**ASSIGNMENT:** Would you repeat the listing exactly but omit every picture?

**SOURCE MATERIAL:**
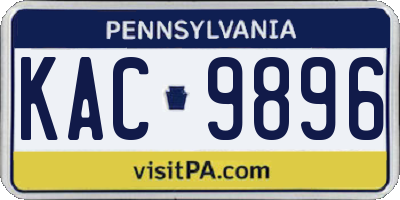 PA license plate KAC9896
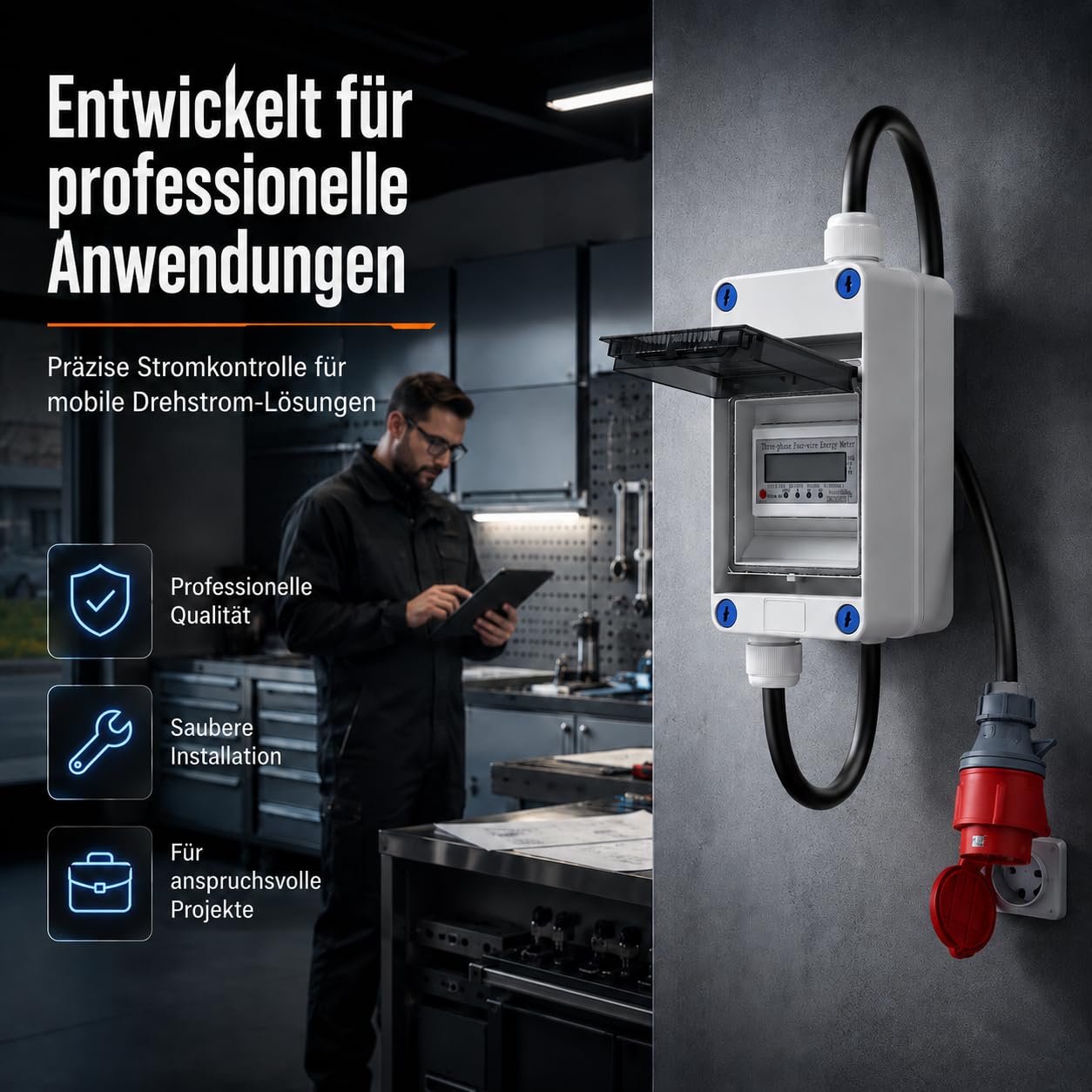 Lospitch Mobiler Stromzähler 32A 400V 3 Phasen CEE 5P Zwischenzähler mit Stecker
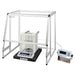 A&D Weighing AD1672A Tabletop Breeze Break Demonstrating BM Series Semi-Micro Balance Inside Slightly Angled Left Front View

**TASK RESULT:**
 PA license plate KAC9896
 Lospitch Mobiler Stromzähler 32A 400V 3 Phasen CEE 5P Zwischenzähler mit Stecker
 A&D Weighing AD1672A Tabletop Breeze Break Demonstrating BM Series Semi-Micro Balance Inside Slightly Angled Left Front View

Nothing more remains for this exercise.